### Exercise directions
Your answer must be an exact copy of the lines from the one containing "农历二月十九日是观世音菩萨的什么日子观音菩萨什么肖" through the last line of the records below, with no pictures; please include nothing else.

### Data

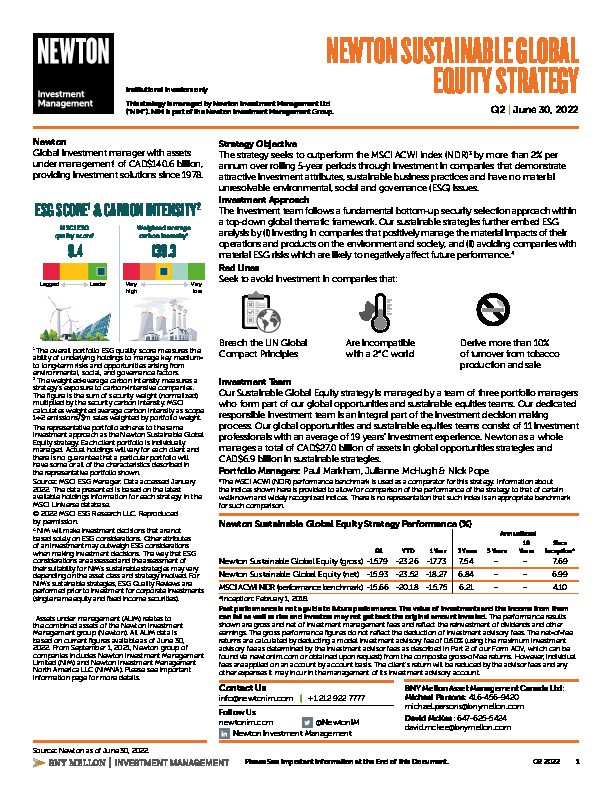 CAN Sustainable Global Equity strategy factsheet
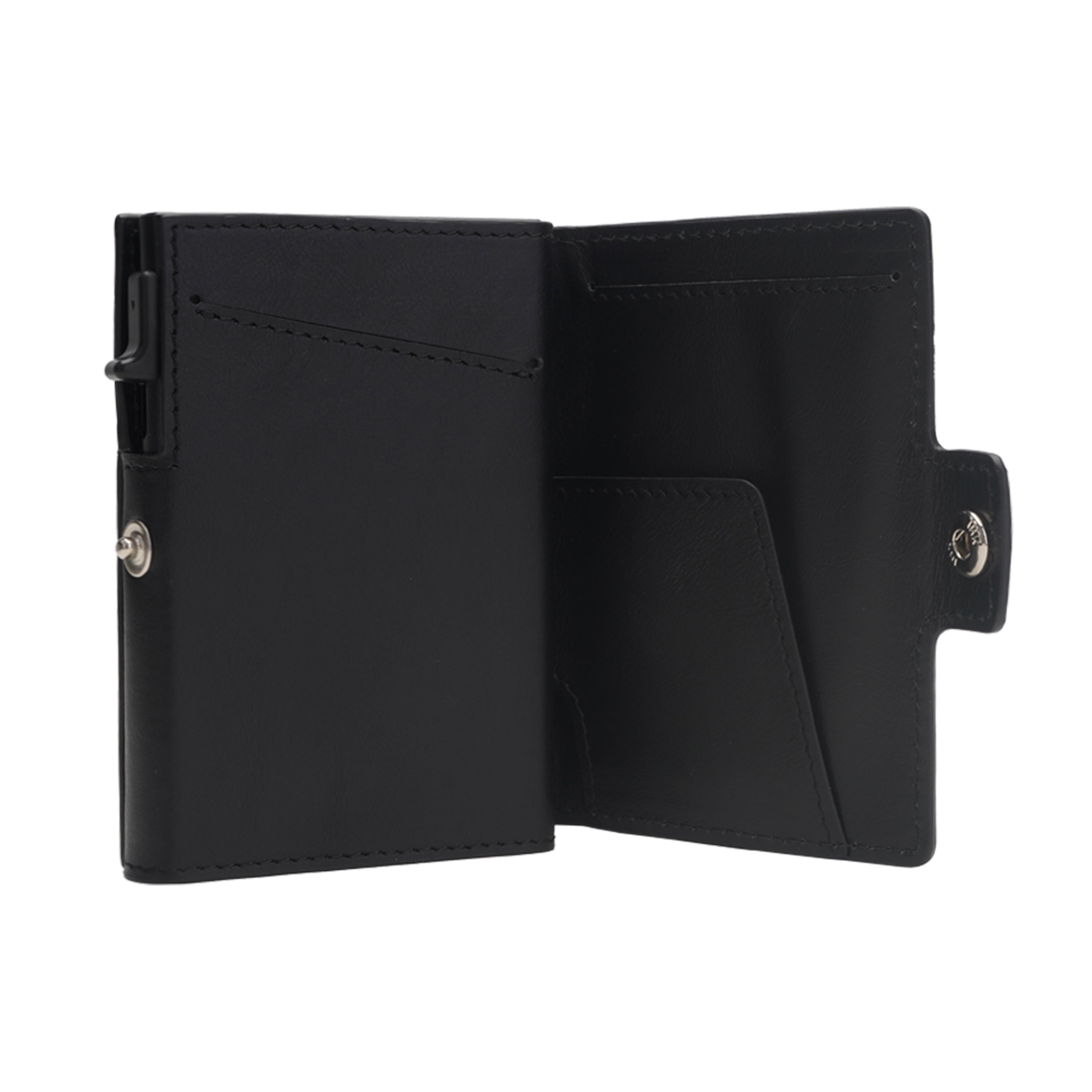 Men's RFID Blocking Bifold Wallet Unisex Metal Leather Bifold Wallet Open Zipper Pocket Short Customizable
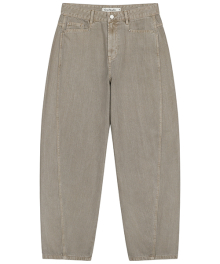 CURVED DENIM PANTS [BEIGE]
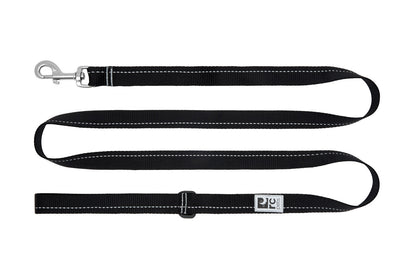 Black dog leash with metal clip on a white background
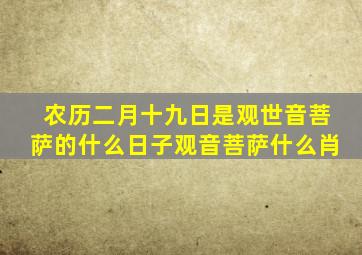 农历二月十九日是观世音菩萨的什么日子观音菩萨什么肖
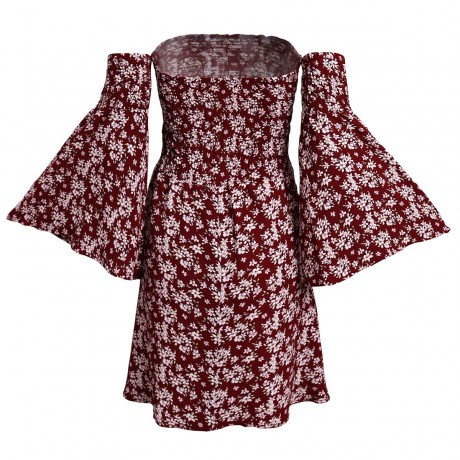 Women's Flare Long Sleeve Floral Off Shoulder Dress Pleated High Waist Swing Midi Dress(S-XXL)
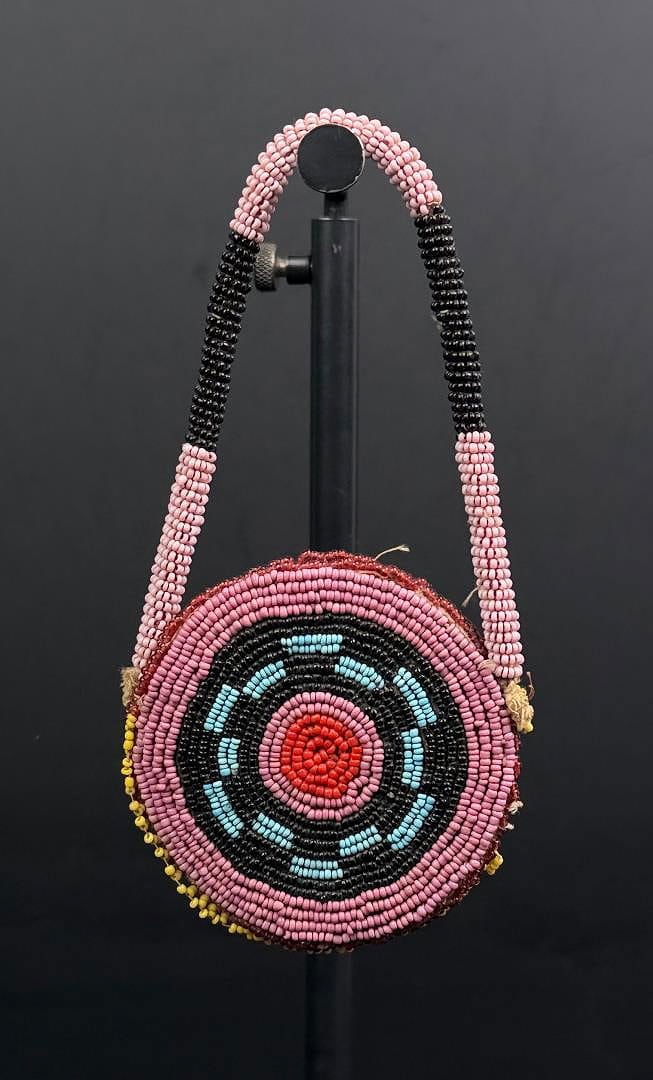 Crow Native American Indian Pocket Watch Pouch: 6 1/8" by 3 1/8". Nicely beaded. First Quarter of the 20th Century.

### Written response
 农历二月十九日是观世音菩萨的什么日子观音菩萨什么肖
 Women's Flare Long Sleeve Floral Off Shoulder Dress Pleated High Waist Swing Midi Dress(S-XXL)
 Crow Native American Indian Pocket Watch Pouch: 6 1/8" by 3 1/8". Nicely beaded. First Quarter of the 20th Century.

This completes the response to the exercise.